Department of Computer Science, Jouf University, Sakaka 72388, Saudi Arabia.
Higher School of Sciences and Technology of Hammam Sousse, University of Sousse, Sousse 4011, Tunisia.
Sensors (Basel). 2023 Apr 10;23(8):3861. doi: 10.3390/s23083861.
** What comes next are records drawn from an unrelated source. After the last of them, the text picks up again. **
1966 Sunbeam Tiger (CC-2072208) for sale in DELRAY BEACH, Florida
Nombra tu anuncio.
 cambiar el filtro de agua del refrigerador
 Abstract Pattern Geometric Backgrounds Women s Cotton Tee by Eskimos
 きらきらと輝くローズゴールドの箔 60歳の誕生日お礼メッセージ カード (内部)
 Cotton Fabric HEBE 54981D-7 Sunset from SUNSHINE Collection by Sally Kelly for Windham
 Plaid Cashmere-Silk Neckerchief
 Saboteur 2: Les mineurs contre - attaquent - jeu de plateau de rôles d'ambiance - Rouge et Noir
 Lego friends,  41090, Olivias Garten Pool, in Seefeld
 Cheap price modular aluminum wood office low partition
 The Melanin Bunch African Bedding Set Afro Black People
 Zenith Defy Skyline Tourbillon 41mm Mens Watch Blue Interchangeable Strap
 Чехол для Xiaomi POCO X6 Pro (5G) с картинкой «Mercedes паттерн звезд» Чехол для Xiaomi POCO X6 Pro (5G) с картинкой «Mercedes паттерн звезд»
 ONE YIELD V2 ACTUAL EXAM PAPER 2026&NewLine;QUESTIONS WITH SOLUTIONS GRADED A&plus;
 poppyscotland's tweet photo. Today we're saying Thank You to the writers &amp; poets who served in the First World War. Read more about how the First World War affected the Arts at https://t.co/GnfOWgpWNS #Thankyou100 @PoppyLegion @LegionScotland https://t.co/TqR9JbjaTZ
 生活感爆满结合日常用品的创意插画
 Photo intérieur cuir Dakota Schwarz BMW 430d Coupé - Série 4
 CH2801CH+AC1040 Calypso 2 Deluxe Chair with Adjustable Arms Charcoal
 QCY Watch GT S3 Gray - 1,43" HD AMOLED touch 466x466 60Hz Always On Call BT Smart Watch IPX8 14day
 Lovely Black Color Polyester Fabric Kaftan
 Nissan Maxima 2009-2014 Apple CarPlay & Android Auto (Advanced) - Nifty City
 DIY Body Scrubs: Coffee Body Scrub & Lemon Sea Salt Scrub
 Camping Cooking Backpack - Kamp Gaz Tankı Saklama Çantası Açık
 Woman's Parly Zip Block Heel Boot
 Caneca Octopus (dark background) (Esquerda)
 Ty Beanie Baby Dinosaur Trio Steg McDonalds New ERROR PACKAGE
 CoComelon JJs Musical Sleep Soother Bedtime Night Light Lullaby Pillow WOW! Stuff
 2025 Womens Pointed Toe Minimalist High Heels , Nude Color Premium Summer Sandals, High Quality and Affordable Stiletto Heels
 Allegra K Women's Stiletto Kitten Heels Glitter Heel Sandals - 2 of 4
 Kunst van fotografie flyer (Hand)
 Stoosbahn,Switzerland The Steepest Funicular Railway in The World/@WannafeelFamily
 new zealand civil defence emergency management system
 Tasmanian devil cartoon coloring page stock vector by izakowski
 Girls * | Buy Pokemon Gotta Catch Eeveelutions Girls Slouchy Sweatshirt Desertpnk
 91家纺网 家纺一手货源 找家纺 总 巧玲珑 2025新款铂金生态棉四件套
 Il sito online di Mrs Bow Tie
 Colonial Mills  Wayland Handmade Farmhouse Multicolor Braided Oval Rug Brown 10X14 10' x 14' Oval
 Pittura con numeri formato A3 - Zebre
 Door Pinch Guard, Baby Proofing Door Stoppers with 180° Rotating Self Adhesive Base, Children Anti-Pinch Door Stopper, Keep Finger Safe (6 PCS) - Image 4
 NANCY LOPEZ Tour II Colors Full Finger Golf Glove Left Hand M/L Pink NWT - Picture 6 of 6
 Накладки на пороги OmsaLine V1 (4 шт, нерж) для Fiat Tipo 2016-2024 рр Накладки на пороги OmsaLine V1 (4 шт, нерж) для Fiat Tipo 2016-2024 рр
Over the last decade, the Short Message Service (SMS) has become a primary communication channel. Nevertheless, its popularity has also given rise to the so-called SMS spam. These messages, i.e., spam, are annoying and potentially malicious by exposing SMS users to credential theft and data loss. To mitigate this persistent threat, we propose a new model for SMS spam detection based on pre-trained Transformers and Ensemble Learning. The proposed model uses a text embedding technique that builds on the recent advancements of the GPT-3 Transformer. This technique provides a high-quality representation that can improve detection results. In addition, we used an Ensemble Learning method where four machine learning models were grouped into one model that performed significantly better than its separate constituent parts. The experimental evaluation of the model was performed using the SMS Spam Collection Dataset. The obtained results showed a state-of-the-art performance that exceeded all previous works with an accuracy that reached 99.91%.
在过去的十年中,短消息服务(SMS)已成为主要的通信渠道。然而,它的普及也带来了所谓的短信垃圾邮件。这些短信,即垃圾短信,通过使 SMS 用户面临凭证盗窃和数据丢失的风险,变得令人讨厌且具有潜在的恶意。为了减轻这种持续存在的威胁,我们提出了一种基于预训练转换器和集成学习的 SMS 垃圾邮件检测新模型。所提出的模型使用了一种文本嵌入技术,该技术建立在 GPT-3 转换器的最新进展之上。该技术提供了高质量的表示,可以提高检测结果。此外,我们使用了一种集成学习方法,其中四个机器学习模型被组合成一个模型,该模型的性能明显优于其单独的组成部分。该模型的实验评估是使用 SMS 垃圾邮件收集数据集进行的。所获得的结果显示出了最先进的性能,其准确率达到了 99.91%,超过了所有以前的工作。